An extremely fine high quality carriage clock by Soldano.

The case is gilt brass in Gorge pattern and is fully engraved with extremely fine tight floral engraving with matting a floriet patterning. The case is glazed with deep bevelled glasses which are all in perfect condition.

The dial is white enamel with light blue floral details to the centre.  The numerals are Roman.  The spade hands are of blued steel.  The dial is mounted with a gilt brass dial mask which is tightly engraved to match the case.  The dial is signed ‘Penlington & Hutton – Liverpool’.

The movement is of superb quality and is signed by Honore Pons – Paris with his mark proudly displaying the ‘Medaille D’ore’ from 1837.  The Pons movement number is 1070.

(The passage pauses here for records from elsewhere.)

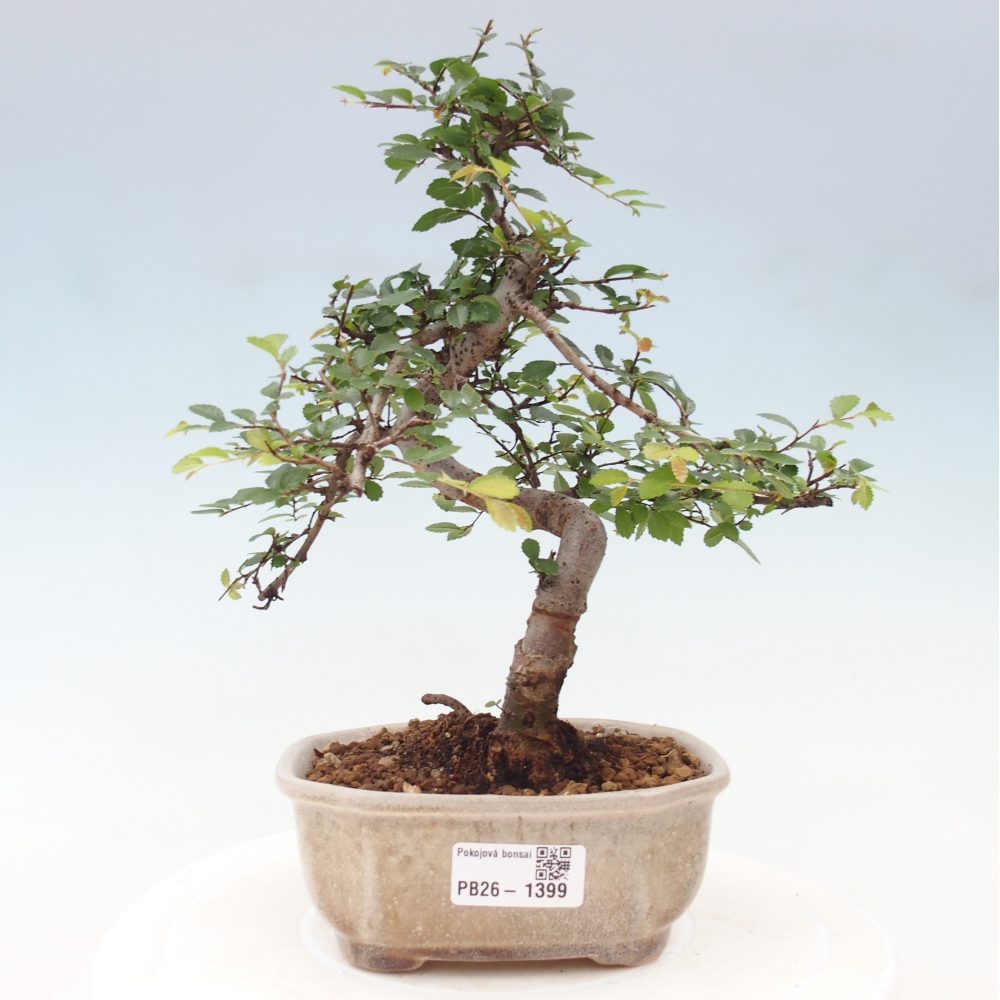 Kamerbonsai - Ulmus parvifolia - Winteriep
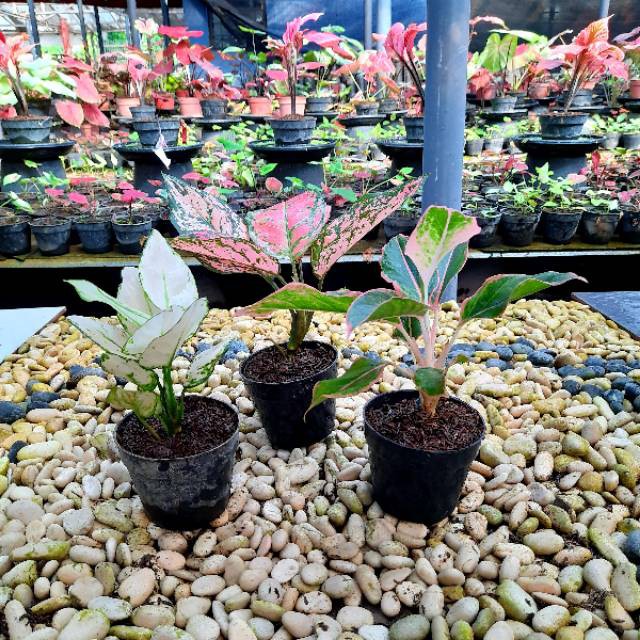 [✅COD] PAKET AGLONEMA - 3 POHON / BUNGA AGLONEMA / TANAMAN HIAS AGLONEMA PAKET MURAH MERIAH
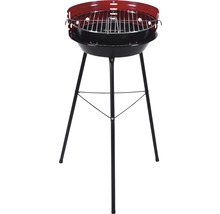 Barbecue boule avec trépied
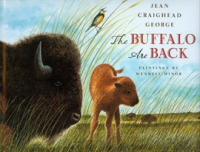 The_Buffalo_are_Back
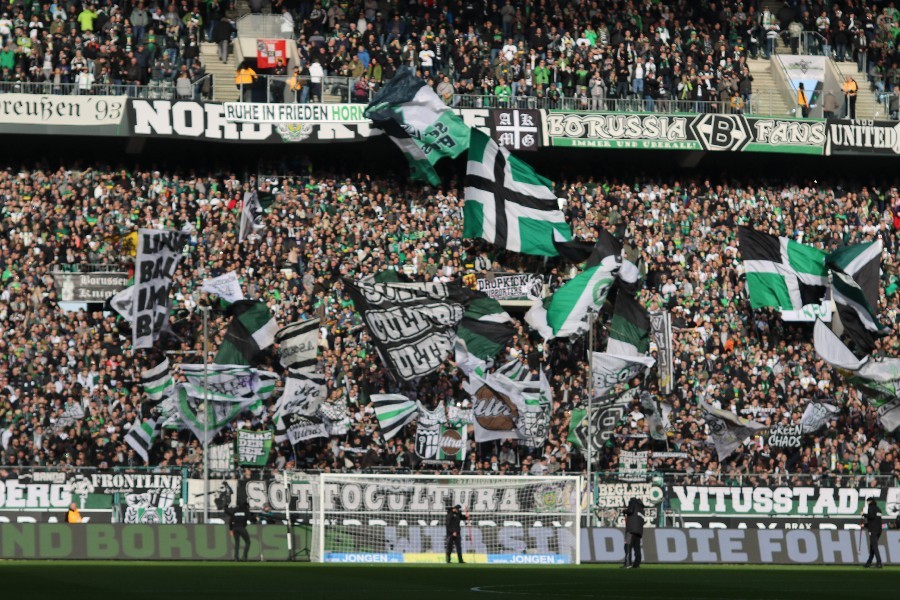 Borussia Mönchengladbach- VfL Wolfsburg (2018/19)_2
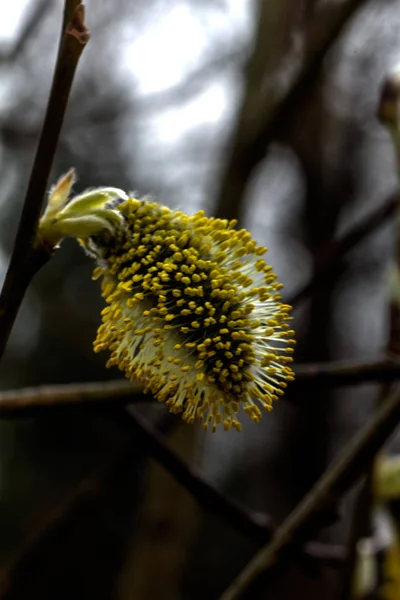 Flowers Pussy Willow Blooming Spring Forest — Stock Photo, Image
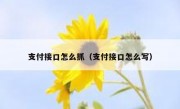 支付接口怎么抓（支付接口怎么写）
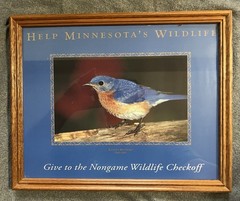Eastern Bluebird (Sialia sialis) Framed Photo for Helping Minnesota’s Wildlife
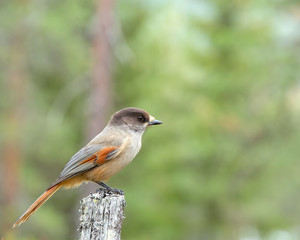 Siberian Jay sitting on an old stump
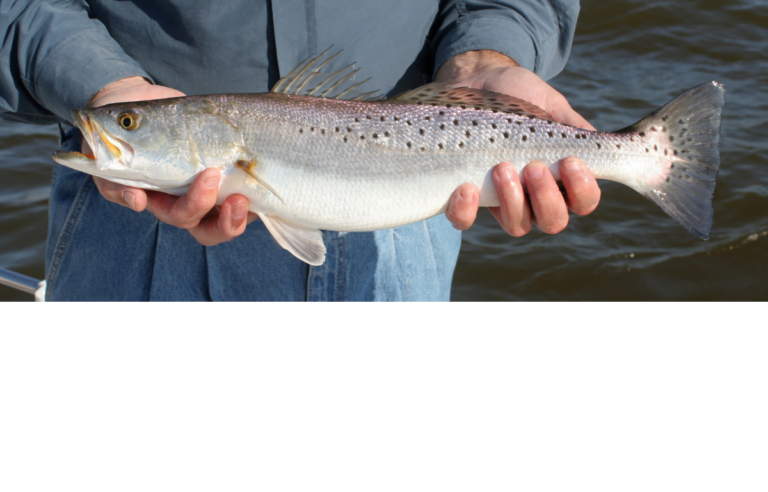 Speckled Trout Size Limits By State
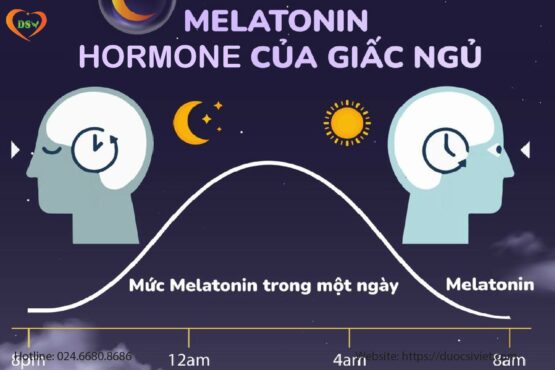Melatonin là gì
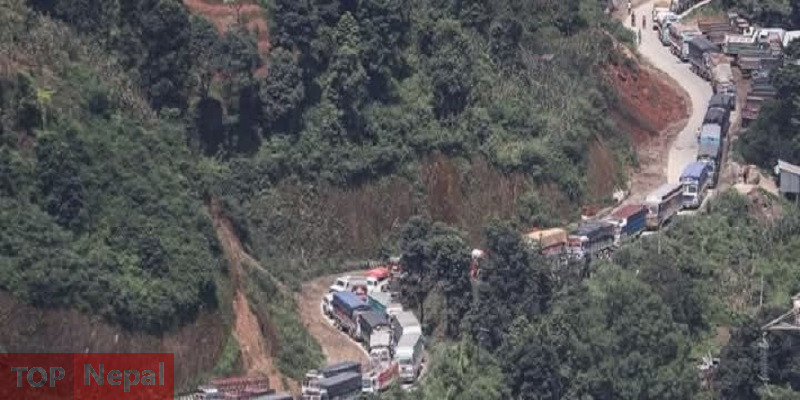 ६४ वर्ष पछि फेला पर्यो अनौठो चरा, आधा मानिस, आधा पंक्षी !
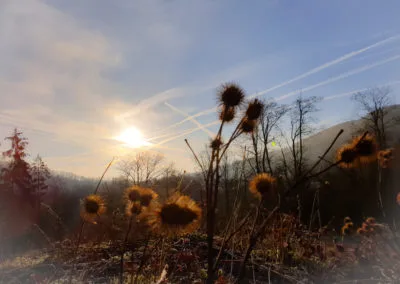 Photo - Photos de notre commune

The platform is signed by Soldano and numbered 175, as is the movement.  The platform is of one of the finest types seen on a carriage clock of this date.  Soldano had his platforms produced in Switzerland and was known for the level of finish and quality.

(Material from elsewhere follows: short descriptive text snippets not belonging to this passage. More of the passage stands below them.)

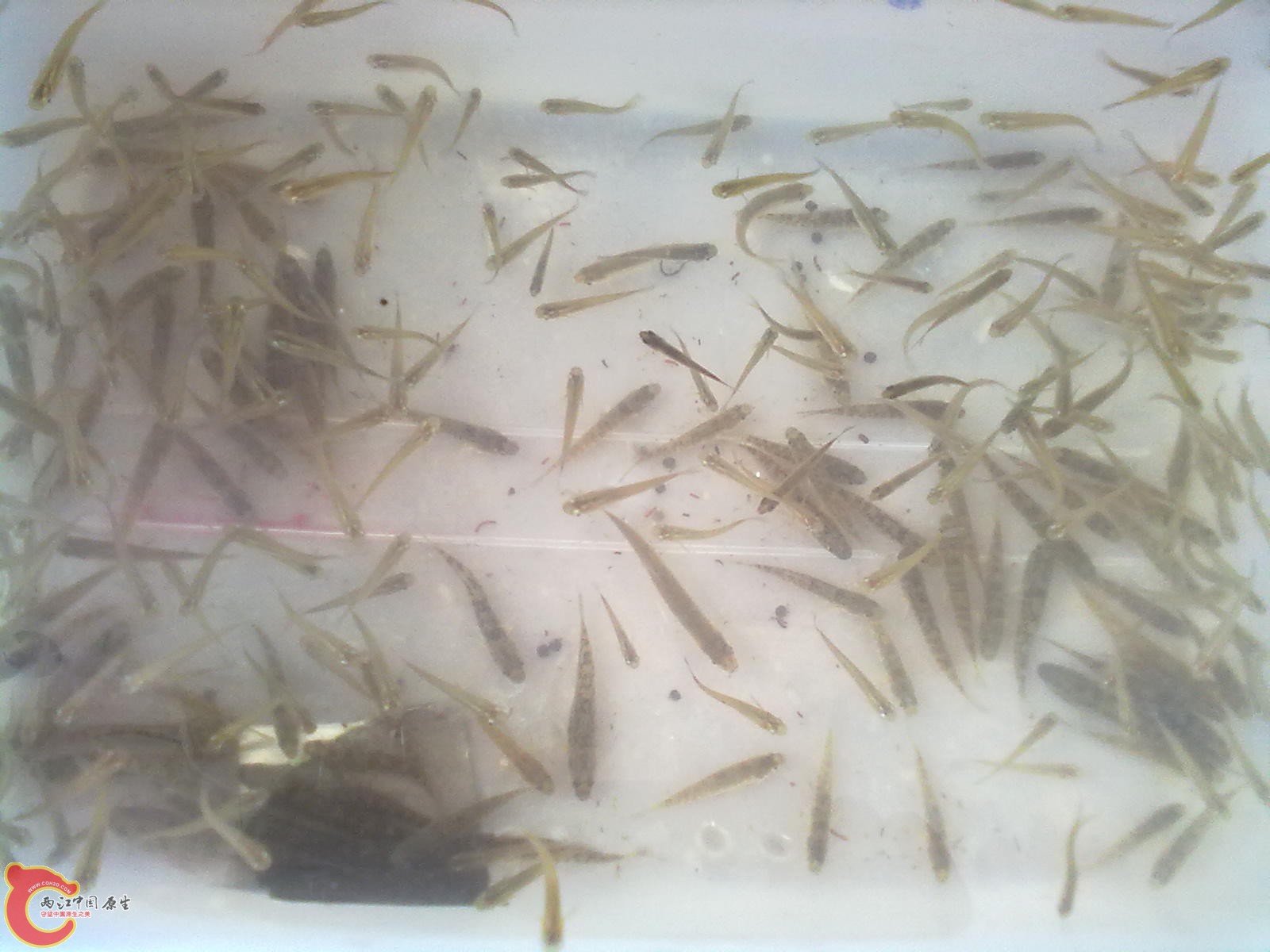 下面的全是，上面的是青锵....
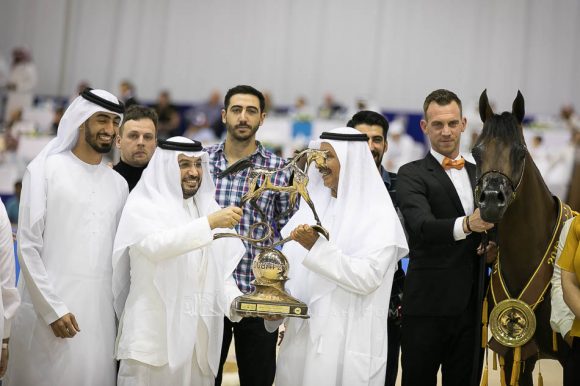 ماريا مجدالينا ان دبليو اي (اف ايه الرشيم  xمجرالينا ان دبليو اي) مربط الهواجر – الإمارات.
Maria Magdalena NWA (FA El Rasheem x Magdalina NWA) Dr. Ghanem Mohamed Obaid Al Hajri
– UAE
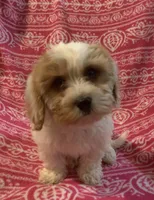 Candy, a female Cavalier King Charles Spaniel and Poodle - Miniature  for sale in Gurnee, IL – Photo 4 of 5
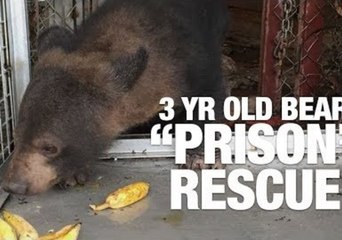 Three-Year-Old Bear Rescued from "Prison"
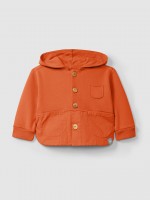 Warm Orange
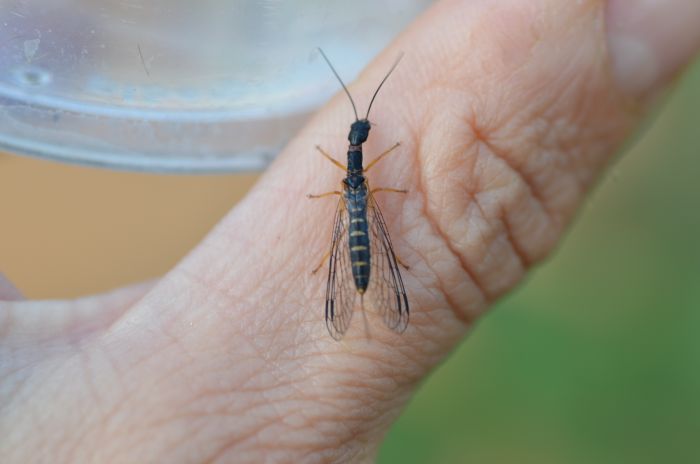 Raphidiidae da identificare: Parainocellia bicolor?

This clock whilst retailed in Liverpool by Penlington & Hutton would have been produced by Soldano.  J Soldano was known to buy movements by the finest Paris makers and to combine them with the finest Swiss platforms before finishing them in house to the highest standard.  This clock is no exception to this and is proudly numbered and signed by both parties.

Dimensions: Height Handle Up 6 1/2″,  Height Handel Down 5 1/4″, x Width 3 1/4″, x Depth 2 3/4″.

Duration: 8 – Day

Functions: Strike, Repeat, Alarm.

 

 

 

 

 

J. Soldano - Paris & Geneva. 

Paris Exhibitions, Bronze Medals 1855 and 1878 for carriage clocks.  "The Exhibition of this establishment showed substantial progress in the art of case decoration.  On show were a group of carriage clocks ornamented with great taste and originality.  The finish of these movements was conventional, but the escapements appeared to us to have been treated with particular care.  Several items merited the highest praise." (Revue Chronometrique, 1880, p.70, report on 1878 Exhib.)  The same Revue says that Soldano used both Franche-Comte and Saint-Nicolas roulants.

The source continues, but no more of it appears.